The public loves good stories and characters bigger than life, and history provides plenty of both. In previous ages there was a demand for heroes and heroines, exemplars of moral virtue. So it was in with Florence Nightingale, King Alfred, Richard the Lionheart and Baden Powell. Today the demand is for something more earthy, lust and love, so Byron, Charles II and a warty Cromwell it is. Biography is the best selling form of non-fiction at the moment and, if that is true of books, so it should be true of television.

So, too, with historical recreations. Go to any National Trust house, or English Heritage monument, and you will be greeted by an assiduous effort to recreate life as it was. The kitchens, the decoration and the gardens are all being re-erected to reproduce exactly a certain time. Computers have allowed television to do the same even more imaginatively with the ancient world. We don't need to imagine what the great eruption of Vesuvius that engulfed Pompeii in AD79 was like. The computer will do it for us. It's a form pioneered by the Discovery channels on satellite and cable and taken up with enthusiasm by commercial television. So here comes the BBC to ride in the slipstream.

We can at least thank the BBC this time that biodrama and computer recreations have taken some of the allure away from the endless documentaries on war that have dominated the history channels for the last decade and more - although even here Channel Five is pushing the form even further with digitally colourised (and surprisingly effective) reels of the First World War, and BBC2 is claiming that its Time Commanders series this autumn will use the latest technology to enable "wannabe warriors to enter a virtual world and take on the greatest generals in history". Napoleon must be quaking in his boots.

The difficulty isn't just that these programmes have only a passing relationship with the facts. What we don't know about the thoughts and feelings of people in the past we fill in with our own sentiments. Nor is it that the current obsession with theme-park recreation fixes the past in an immobile frame lacking all the dynamics of change and evolution.

But then all ages have seen the past through the prism of their present.
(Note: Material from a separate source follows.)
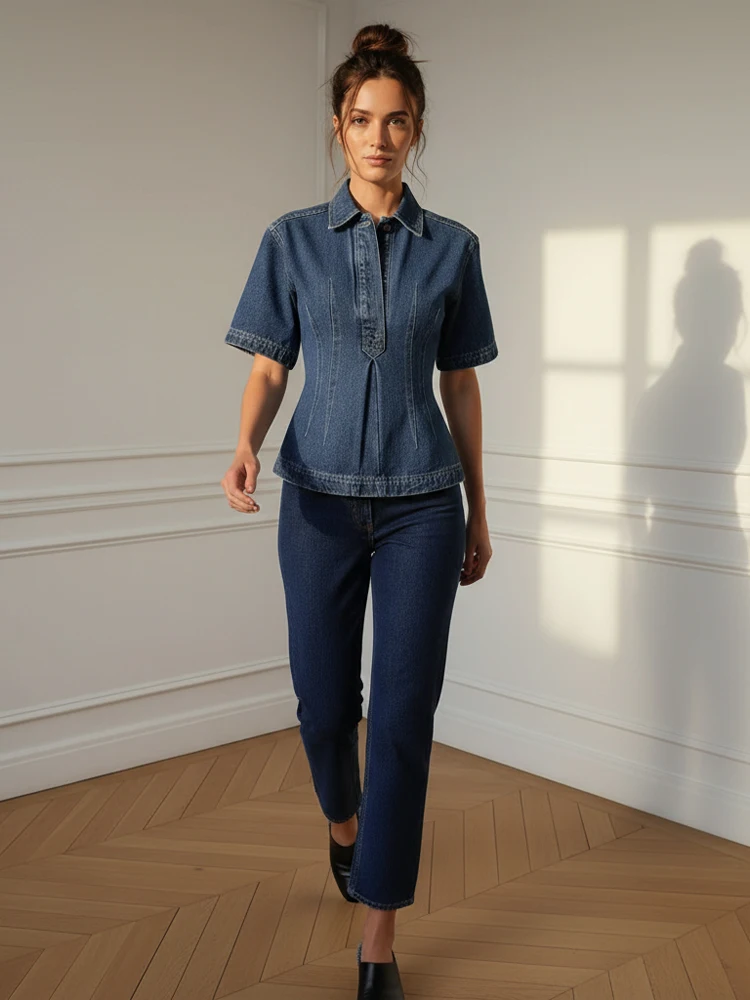 Ретро-синяя джинсовая рубашка с завышенной талией для женщин, повседневная, с отложным воротником, на одной пуговице, приталенная, А-силуэт, топы, летние уличные рубашки для отпуска 2026
Ретро-синяя джинсовая рубашка с завышенной талией для женщин, повседневная, с отложным воротником, на одной пуговице, приталенная, А-силуэт, топы, летние уличные рубашки для отпуска 2026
The Victorians overlaid history with the moralism of their age. The post-First World War invested it with a pessimism of personal flaw and failure. The post-Second World War replaced people with the people, an abstract view of time and tide through the recollection of the masses. In a sense we have come full circle back to a moralising view of the past through its personalities, only we invest it with the view of celebrity, sex and relationship with which we see our own times. If our sense of the past is so impoverished, it is because so is our own view of the present.

The really insidious drawback of television history is that, by making the past so accessible, we make it all too easy to believe that we understand it. Recreate it all on the screen, with actors or computer images, and you deprive the viewer of the space, and the need, to understand the past in its own terms - what were the pressures on individuals as they made their decisions and where they fitted in to the changing pattern of events in their lives.

Worse, it leads us to see events as dramas without consequences. A battle happens and is won or lost, a ruler lives or dies. But they belong to no past of their own and they have no effect thereafter. And so we see events today. Tony Blair is elected, his opponents lose. End of game until the excitement of a new one. We invade Iraq and win. And that's that. On to the next war. We seek to understand no causes, nor examine any impacts. Life as segregated episodes. But then that's perhaps how we see our own lives.